Lavendier, embarrassed, dropped back from them to adjust the pack on her shoulders. The long grasses in the shade were still wet with morning dew and clung to her damp skirt, but she was used to it now. Life lived in comfort, on feather beds with warm fires, a roof over one’s head and a cushiony chair reached far back in her memory, only offering a pale once-upon-a-time in contrast to the drudgery of life now, and she no longer dwelt on those images in bitterness. Sore back, aching legs, and sunburned neck were the norm, and she did not complain.
Resolved to show Garrity that she could learn from him, she forged on again, and Viol fell back until she walked alongside her. Lavendier felt a warm glow in her heart for, obsessed as she was with gaining Garrity’s good opinion, she wanted this best friend of Garrity’s, her own strange little sister, to be her friend too.
Many new thoughts had been tormenting Lavendier for some time, not the least of these being about love, and now she
decided to broach the subject with her sister, in a selfless attempt to show that she was growing in virtue.
“I do not think that loving others means you love yourself any less,” she said. “I think we learn to love ourselves more, the more we love others.”
“I don’t think so,” said Viol, surprised. “I think loving others means that you forget about yourself.”

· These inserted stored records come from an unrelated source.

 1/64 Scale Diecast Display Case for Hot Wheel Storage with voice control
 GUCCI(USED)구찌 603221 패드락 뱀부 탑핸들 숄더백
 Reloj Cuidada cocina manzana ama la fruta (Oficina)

Lavendier furrowed her brow. “That’s not true. You have to love yourself before you can think about loving others. Otherwise, why would you love? We do it selfishly at first, thinking only of ourselves, and it’s only after the person becomes a part of us that we care about their well-being.”
“Maybe. I know not. I never thought about it before.”

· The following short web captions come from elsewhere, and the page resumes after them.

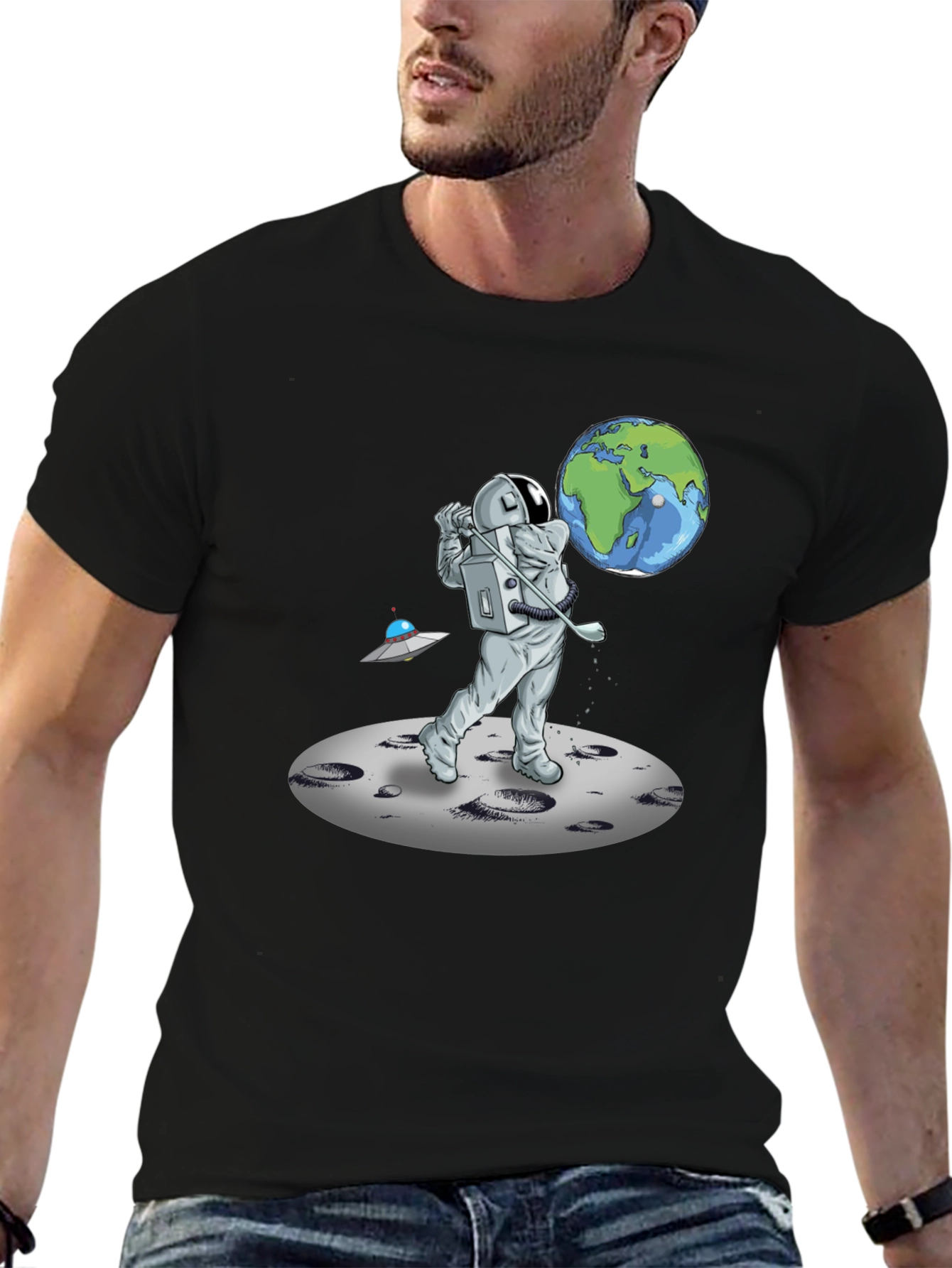 Astronaut Golfing on the Moon T-Shirt
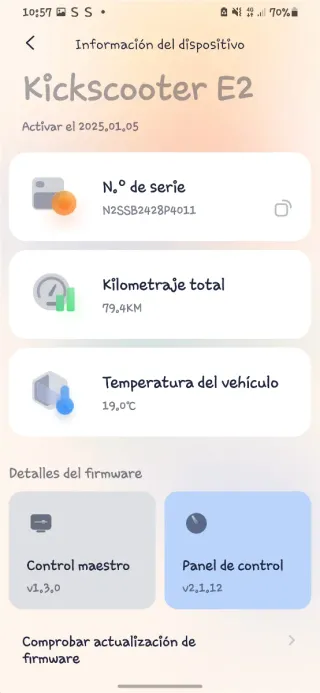 Ninebot E2 80km negocia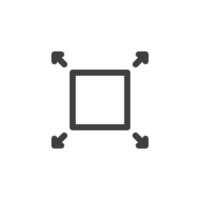 Vector sign of The Magnify symbol is isolated on a white background. Magnify icon color editable.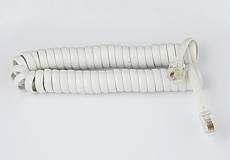 Kabel spiralne białe 15m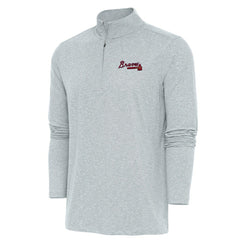 Atlanta Braves Antigua Hunk Quarter-Zip Pullover Top Online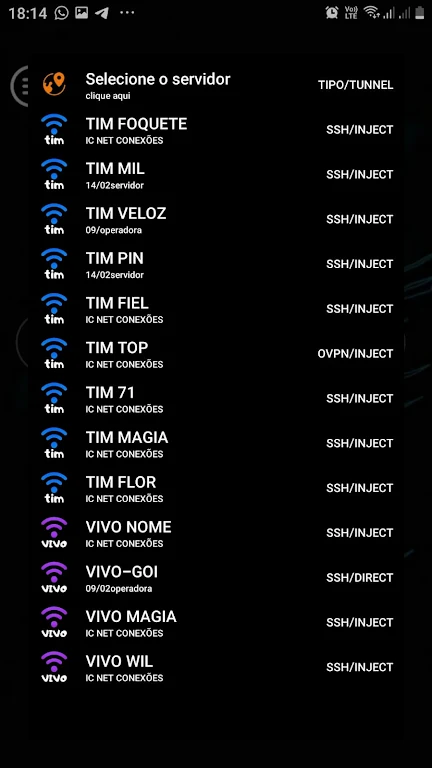 ANYVPN IC NET CONEXÕES Screenshot 3 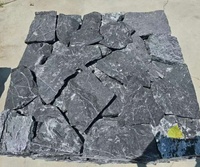 Ardoise noire Taihang de qualité supérieure, pavage aléatoire, pierre naturelle fendue pour pavage de jardin, revêtement mural extérieur, décoration paysagère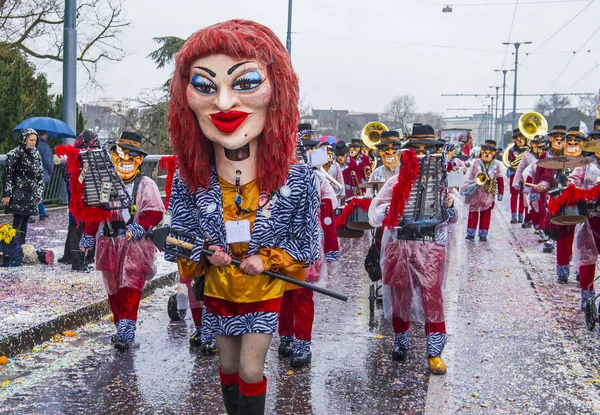 Carnaval de Basileia 2017 — Fotografia de Stock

Lavendier frowned in dissatisfaction that the conversation had ebbed, and she suddenly burst out, “Why is it so hard to talk to people?”

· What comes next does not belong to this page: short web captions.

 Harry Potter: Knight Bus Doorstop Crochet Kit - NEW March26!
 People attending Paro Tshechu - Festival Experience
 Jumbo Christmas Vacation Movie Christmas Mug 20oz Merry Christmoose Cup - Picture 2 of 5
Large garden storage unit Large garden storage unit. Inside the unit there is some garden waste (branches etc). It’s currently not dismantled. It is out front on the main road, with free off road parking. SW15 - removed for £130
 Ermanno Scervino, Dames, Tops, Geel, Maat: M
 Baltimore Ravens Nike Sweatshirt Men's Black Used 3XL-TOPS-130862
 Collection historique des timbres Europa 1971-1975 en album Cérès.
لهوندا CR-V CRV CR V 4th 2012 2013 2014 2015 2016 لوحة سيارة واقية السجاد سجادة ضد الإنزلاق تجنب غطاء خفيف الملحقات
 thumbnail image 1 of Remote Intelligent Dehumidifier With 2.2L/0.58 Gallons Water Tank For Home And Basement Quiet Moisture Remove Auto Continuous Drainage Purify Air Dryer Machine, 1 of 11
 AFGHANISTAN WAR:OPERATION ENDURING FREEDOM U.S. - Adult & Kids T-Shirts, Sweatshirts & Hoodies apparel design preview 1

Viol laughed in surprise. “Since when have you had trouble talking to people?”
“Since I actually cared what we were talking about. I cannot seem to get Garrity to talk to me about anything interesting.”
“Laven, I do not know if I should say this, but…”
“What?”
“Well, you’ve been by his side a lot the past few days. Maybe he finds it smothering.”
“Really? Oh. Do you think I am smothering?”
“N-no. I don’t.”
Lavendier pouted. “That was enthusiastic.”
“I find you needy,” she explained guiltily.
“Oh.”
“I shouldn’t have said that. It’s just, well, you have been trying so hard to help everyone and do everything the past few days, and it is kind of tiring.”
Lavendier flushed. “I am just trying to be a better person,” she exclaimed.
“That’s good. Really, it is. I’m glad.”
“Don’t you notice?”
“I guess so. I guess I was looking at it the wrong way.”
The older girl wanted to add more and explain everything to make Viol understand, to make her see how hard being good was, but then she bit her tongue. She could not help thinking of Merciec, who had said she was not as good as she thought she was. Looking for approval, she decided, was probably not the right way to be good. Instead, she picked up her pace until she was alongside Garrity again.